** Task brief **
Without the pictures, write out all the lines below exactly as they appear.

** Given material **
════════

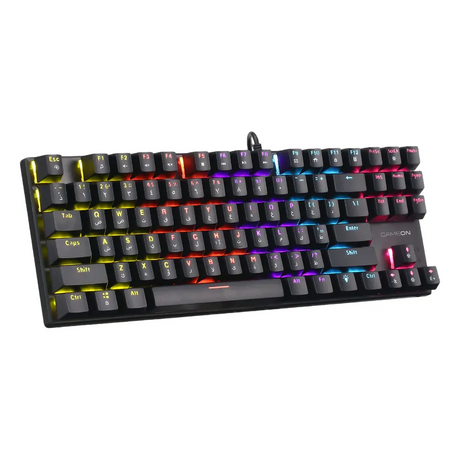 GameOn-Kenora-Series-RS-Wired-Mechanical-Gaming-Keyboard-GOMK87-RS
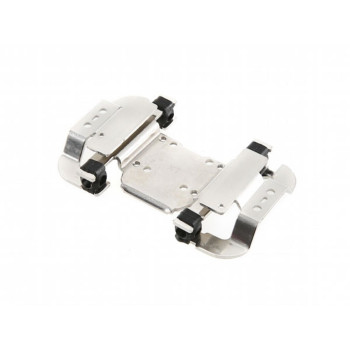 DJI PART P4 VIBRAT ABSORV SET PART 32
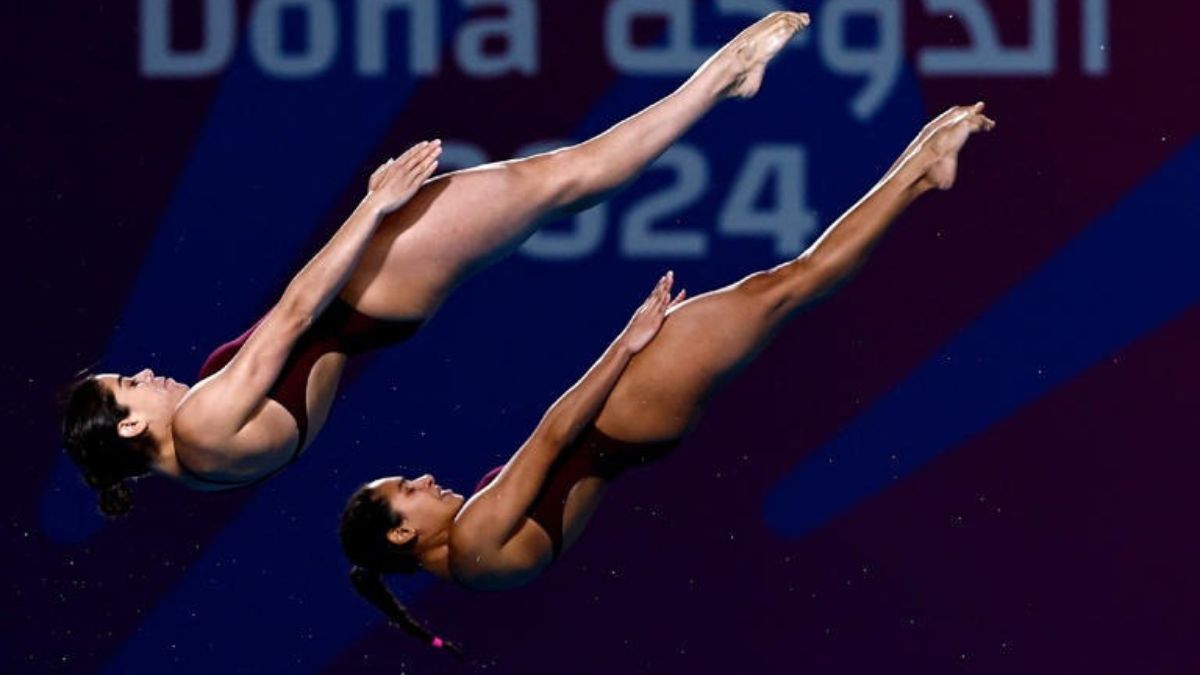 GABRIELA Y ALEJANDRA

════════

** Result of this task **
 GameOn-Kenora-Series-RS-Wired-Mechanical-Gaming-Keyboard-GOMK87-RS
 DJI PART P4 VIBRAT ABSORV SET PART 32
 GABRIELA Y ALEJANDRA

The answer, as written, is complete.